Recurrent and Non-Autoregressive Policies¶

The default policy estimators in torchgfn are feedforward: they process each state independently with no memory of previous steps. For sequential generation tasks where context from prior steps is useful, torchgfn provides recurrent policy estimators. Separately, non-autoregressive environments allow the same terminal state to be reached via multiple action orderings.

Recurrent Policies¶

RecurrentDiscretePolicyEstimator¶

Class: RecurrentDiscretePolicyEstimator

Wraps a recurrent neural network (LSTM or GRU) that maintains a hidden state (“carry”) across trajectory steps. This allows the policy to condition on the full history of actions taken so far.

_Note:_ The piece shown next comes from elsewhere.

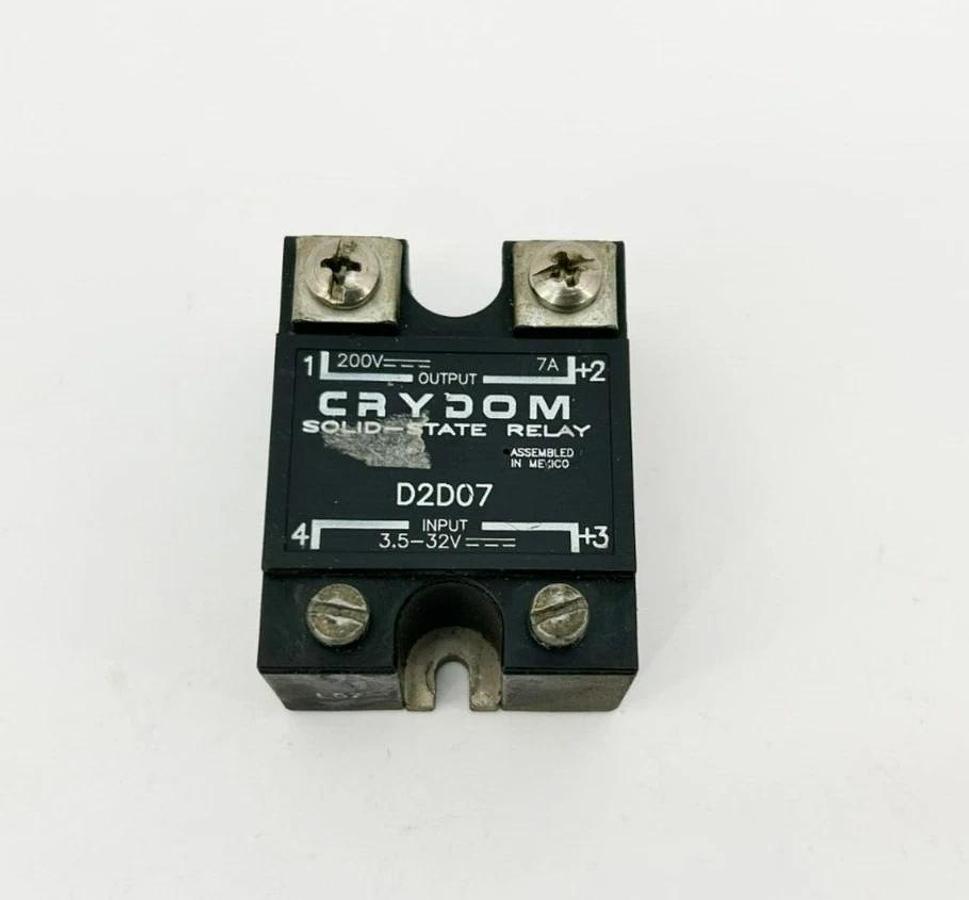 New CRYDOM D2D07 Solid State Relay, 3.5-32V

from gfn.estimators import RecurrentDiscretePolicyEstimator
from gfn.modules import RecurrentDiscreteSequenceModel

model = RecurrentDiscreteSequenceModel(
    input_dim=env.preprocessor.output_dim,
    output_dim=env.n_actions,
    hidden_dim=64,
    rnn_type="lstm",  # or "gru"
)

pf_estimator = RecurrentDiscretePolicyEstimator(module=model, n_actions=env.n_actions)

Carry Management¶

The recurrent hidden state is managed automatically by the RecurrentPolicyMixin:

init_carry(batch_size) — called by the sampler at the start of each rollout to allocate the initial hidden state
The carry is updated at each step and stored in the RolloutContext
When computing log-probabilities for existing trajectories (e.g., during off-policy loss), the carry is re-threaded step-by-step

Tree DAG Simplification¶

For environments where the DAG is a tree (each terminal state is reachable by exactly one path), the backward policy is uniform and constant. In this case, you can skip the backward policy entirely:

gflownet = TBGFlowNet(pf=pf_estimator, pb=None, init_logZ=0.0, constant_pb=True)

Setting pb=None and constant_pb=True tells the loss function that the backward probabilities are uniform, avoiding the need to learn or evaluate a backward model.

See: train_bitsequence_recurrent.py (LSTM policy on bit sequences with tree DAG).

Non-Autoregressive Generation¶

NonAutoregressiveBitSequence¶

In autoregressive environments, actions are applied in a fixed order (e.g., left-to-right). Non-autoregressive environments allow the same terminal state to be reached by filling in positions in any order, creating a richer DAG structure.

The NonAutoregressiveBitSequence environment demonstrates this: each action specifies both a position and a value (action = position * n_words + word), and the action mask prevents filling already-occupied positions.

This has implications for training:

The DAG has more paths to each terminal state, providing more training signal per terminal state
The backward policy must account for multiple valid predecessors
Action masking is essential to prevent invalid actions

See: train_bitsequence_non_autoregressive.py.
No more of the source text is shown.